Beginning with the full set of 3,005 Wave I participants, we dropped two groups of participants: those with one or more missing values on variables of interest, and those who did not report being in a sustained relationship. Our criteria for “sustained relationship” included people who were married, cohabitating, or dating at the time of Wave I data collection). This yielded an analytic sample of 1,930 people, or about 64% of the total Wave I population. These individuals are described as a group in Table 1. Of these individuals, a total of 390 reported having diagnosed diabetes. Among participants with diabetes, 19 had only that diagnosis; the remaining 371 also had other diagnosed conditions.

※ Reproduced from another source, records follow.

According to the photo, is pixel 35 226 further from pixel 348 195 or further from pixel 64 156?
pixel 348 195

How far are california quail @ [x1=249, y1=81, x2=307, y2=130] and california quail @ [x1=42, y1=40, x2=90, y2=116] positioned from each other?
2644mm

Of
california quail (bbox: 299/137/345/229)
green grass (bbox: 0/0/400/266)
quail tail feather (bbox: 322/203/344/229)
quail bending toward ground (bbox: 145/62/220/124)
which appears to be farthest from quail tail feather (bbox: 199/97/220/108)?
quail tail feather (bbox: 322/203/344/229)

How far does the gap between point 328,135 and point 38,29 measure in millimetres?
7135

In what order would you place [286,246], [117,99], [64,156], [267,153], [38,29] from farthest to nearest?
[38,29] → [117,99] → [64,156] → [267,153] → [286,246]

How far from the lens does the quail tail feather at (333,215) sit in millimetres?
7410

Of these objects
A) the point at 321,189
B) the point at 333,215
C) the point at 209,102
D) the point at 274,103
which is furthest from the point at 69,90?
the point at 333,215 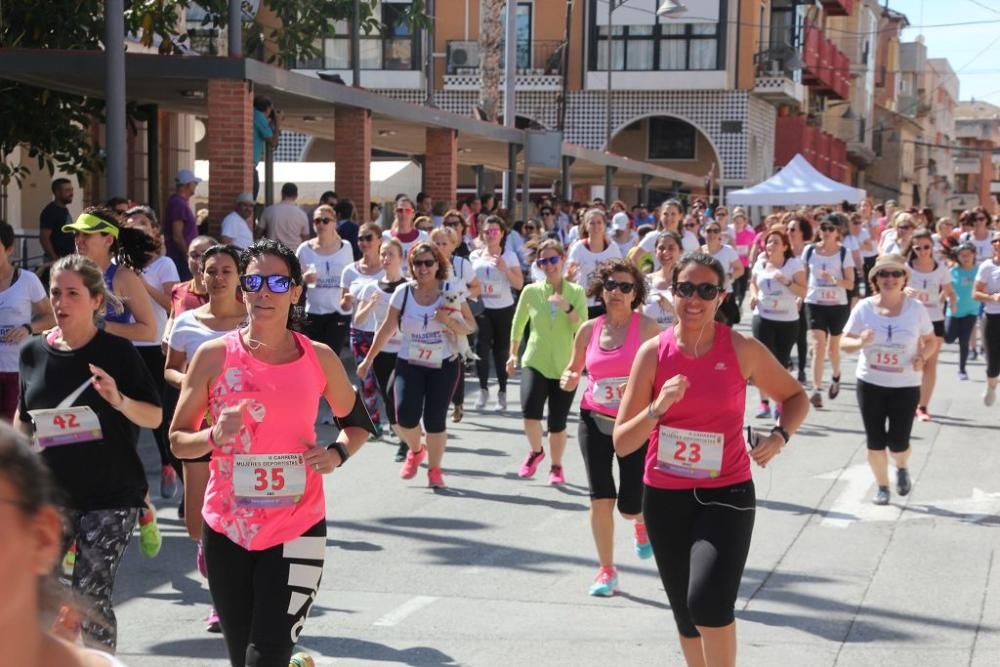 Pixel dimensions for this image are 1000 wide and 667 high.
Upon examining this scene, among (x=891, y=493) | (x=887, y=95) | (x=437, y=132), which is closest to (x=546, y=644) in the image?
(x=891, y=493)

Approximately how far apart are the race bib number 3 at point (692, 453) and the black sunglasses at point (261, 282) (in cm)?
145

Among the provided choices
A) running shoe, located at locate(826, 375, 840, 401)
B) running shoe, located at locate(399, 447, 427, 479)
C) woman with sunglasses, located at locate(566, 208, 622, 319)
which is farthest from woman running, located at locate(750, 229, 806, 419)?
running shoe, located at locate(399, 447, 427, 479)

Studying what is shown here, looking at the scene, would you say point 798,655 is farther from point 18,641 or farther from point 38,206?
point 38,206

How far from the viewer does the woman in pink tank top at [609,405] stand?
7504 millimetres

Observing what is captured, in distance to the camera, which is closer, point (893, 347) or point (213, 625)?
point (213, 625)

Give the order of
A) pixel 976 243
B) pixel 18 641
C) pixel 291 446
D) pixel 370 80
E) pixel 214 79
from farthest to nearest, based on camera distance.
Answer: pixel 370 80
pixel 976 243
pixel 214 79
pixel 291 446
pixel 18 641

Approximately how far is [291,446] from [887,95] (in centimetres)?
8890

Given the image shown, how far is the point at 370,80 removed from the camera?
→ 159ft

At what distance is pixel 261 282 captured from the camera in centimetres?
504

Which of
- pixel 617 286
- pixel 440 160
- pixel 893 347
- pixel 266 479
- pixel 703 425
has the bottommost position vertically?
pixel 893 347

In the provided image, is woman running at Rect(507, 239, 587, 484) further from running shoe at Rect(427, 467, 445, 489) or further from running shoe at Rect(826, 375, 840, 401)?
running shoe at Rect(826, 375, 840, 401)

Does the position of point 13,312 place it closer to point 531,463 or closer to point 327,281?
point 531,463

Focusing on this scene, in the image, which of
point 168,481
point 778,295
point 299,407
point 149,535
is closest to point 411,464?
point 168,481

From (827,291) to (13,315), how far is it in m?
8.95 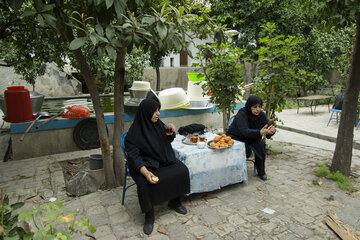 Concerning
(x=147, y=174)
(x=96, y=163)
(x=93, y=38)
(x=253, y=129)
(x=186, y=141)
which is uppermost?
(x=93, y=38)

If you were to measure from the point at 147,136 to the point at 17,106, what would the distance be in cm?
393

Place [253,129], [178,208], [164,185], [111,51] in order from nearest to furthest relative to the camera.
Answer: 1. [111,51]
2. [164,185]
3. [178,208]
4. [253,129]

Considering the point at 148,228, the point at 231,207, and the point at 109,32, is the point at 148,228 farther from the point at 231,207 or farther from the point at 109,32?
the point at 109,32

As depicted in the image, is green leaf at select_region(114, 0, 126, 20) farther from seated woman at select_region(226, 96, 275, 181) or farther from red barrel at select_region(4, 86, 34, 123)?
red barrel at select_region(4, 86, 34, 123)

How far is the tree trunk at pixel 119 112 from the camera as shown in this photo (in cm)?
370

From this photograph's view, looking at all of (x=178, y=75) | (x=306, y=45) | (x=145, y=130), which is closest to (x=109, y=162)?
(x=145, y=130)

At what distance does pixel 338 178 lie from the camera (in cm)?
398

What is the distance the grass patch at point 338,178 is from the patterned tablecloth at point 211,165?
141cm

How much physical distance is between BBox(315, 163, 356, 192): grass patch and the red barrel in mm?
5895

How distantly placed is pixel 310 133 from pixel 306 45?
7685 mm

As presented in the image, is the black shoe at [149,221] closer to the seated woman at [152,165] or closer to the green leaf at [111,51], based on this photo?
the seated woman at [152,165]

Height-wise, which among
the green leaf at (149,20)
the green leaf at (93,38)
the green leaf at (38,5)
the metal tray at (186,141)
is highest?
the green leaf at (38,5)

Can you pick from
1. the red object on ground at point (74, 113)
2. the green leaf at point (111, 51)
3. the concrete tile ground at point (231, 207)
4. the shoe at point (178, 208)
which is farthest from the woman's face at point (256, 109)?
the red object on ground at point (74, 113)

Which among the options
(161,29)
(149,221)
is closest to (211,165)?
(149,221) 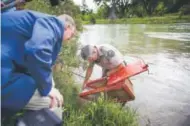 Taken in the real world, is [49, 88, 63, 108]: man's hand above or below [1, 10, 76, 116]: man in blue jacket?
below

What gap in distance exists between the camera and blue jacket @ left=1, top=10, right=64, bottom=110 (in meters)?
3.17

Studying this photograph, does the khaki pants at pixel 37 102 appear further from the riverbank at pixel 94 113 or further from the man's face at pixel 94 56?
the man's face at pixel 94 56

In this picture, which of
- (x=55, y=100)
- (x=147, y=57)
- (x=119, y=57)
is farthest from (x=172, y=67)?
(x=55, y=100)

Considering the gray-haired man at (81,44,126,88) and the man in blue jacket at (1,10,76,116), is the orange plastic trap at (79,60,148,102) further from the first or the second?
the man in blue jacket at (1,10,76,116)

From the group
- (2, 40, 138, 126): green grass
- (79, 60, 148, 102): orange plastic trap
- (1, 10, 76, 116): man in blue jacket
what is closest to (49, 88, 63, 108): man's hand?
(1, 10, 76, 116): man in blue jacket

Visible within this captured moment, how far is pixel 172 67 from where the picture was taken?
472 inches

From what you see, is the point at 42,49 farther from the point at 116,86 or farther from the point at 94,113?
the point at 116,86

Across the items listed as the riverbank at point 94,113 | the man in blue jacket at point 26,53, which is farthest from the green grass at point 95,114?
the man in blue jacket at point 26,53

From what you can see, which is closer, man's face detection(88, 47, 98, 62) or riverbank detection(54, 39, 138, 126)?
riverbank detection(54, 39, 138, 126)

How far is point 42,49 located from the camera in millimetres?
3131

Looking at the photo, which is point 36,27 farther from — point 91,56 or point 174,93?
point 174,93

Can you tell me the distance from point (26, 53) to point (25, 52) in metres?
0.02

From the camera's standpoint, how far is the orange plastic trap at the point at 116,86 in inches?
243

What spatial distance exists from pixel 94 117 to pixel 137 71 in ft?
4.29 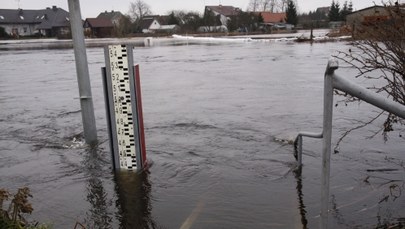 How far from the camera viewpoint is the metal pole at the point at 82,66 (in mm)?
6516

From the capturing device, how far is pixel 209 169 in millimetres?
5809

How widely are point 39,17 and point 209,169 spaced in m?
105

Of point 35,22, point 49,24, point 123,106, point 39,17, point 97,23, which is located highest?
point 39,17

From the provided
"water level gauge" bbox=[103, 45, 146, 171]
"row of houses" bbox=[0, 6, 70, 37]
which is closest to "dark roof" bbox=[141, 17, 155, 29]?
"row of houses" bbox=[0, 6, 70, 37]

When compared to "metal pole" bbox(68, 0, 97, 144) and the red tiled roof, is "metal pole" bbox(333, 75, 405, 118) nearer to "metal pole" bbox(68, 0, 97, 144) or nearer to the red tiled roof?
"metal pole" bbox(68, 0, 97, 144)

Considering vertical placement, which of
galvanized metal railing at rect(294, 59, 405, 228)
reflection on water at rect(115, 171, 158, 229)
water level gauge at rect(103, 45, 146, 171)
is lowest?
reflection on water at rect(115, 171, 158, 229)

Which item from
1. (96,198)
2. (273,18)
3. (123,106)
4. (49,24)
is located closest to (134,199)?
(96,198)

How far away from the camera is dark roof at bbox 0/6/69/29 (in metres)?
95.3

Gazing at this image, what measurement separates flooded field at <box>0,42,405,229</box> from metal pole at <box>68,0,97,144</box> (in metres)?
0.43

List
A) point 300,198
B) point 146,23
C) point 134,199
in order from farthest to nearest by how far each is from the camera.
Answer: point 146,23 < point 134,199 < point 300,198

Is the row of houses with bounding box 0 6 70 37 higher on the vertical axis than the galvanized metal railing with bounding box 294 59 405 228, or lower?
higher

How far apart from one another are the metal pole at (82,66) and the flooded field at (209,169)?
43 cm

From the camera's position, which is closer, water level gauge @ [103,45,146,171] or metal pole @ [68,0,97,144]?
water level gauge @ [103,45,146,171]

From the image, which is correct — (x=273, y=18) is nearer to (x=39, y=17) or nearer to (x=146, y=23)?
(x=146, y=23) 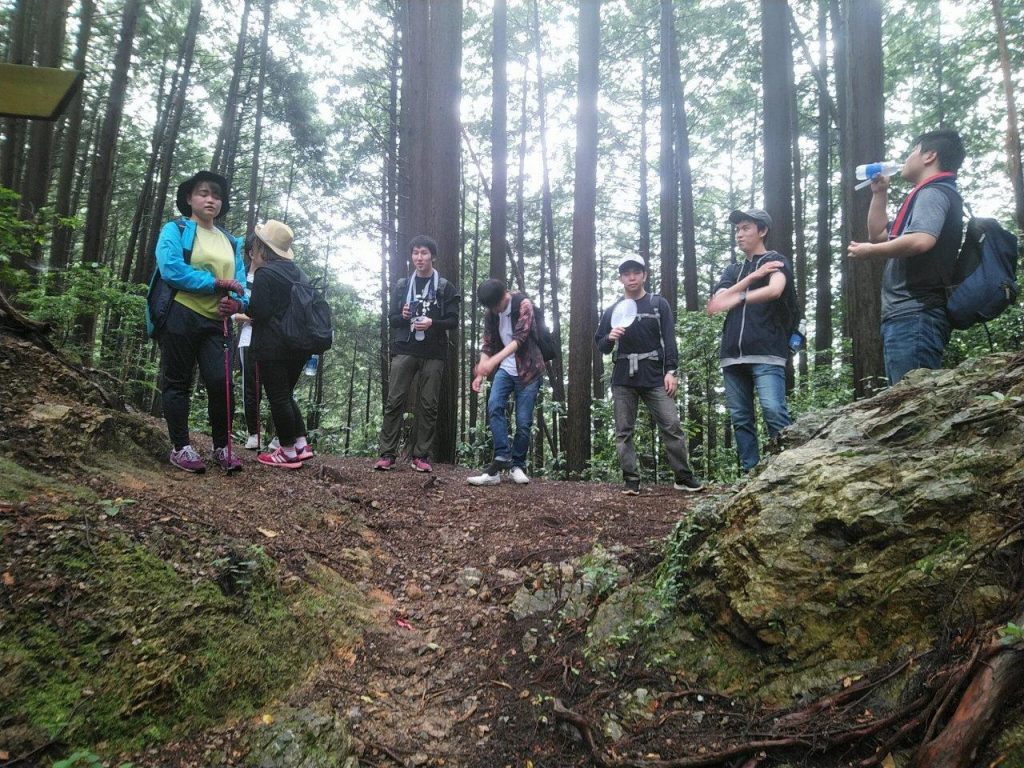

Before beginning our epidemiological analysis in earnest, we also described our sample in greater detail by stratifying data on relationship status by diagnosis information. Table 2 describes the distribution of participants within each diabetes profile with respect to marriage, cohabitation, and dating. The vast majority of people in each diagnosis category reported being married -- about 84% for people who only had diabetes and about 89% for all other groups. Cohabitating was the next most common option for people with only diabetes at around 10%, but was the least common relationship type for the other groups at around 3%. Dating was least common for people with just diabetes at roughly 5%, but was somewhat more common among other groups at roughly 7%.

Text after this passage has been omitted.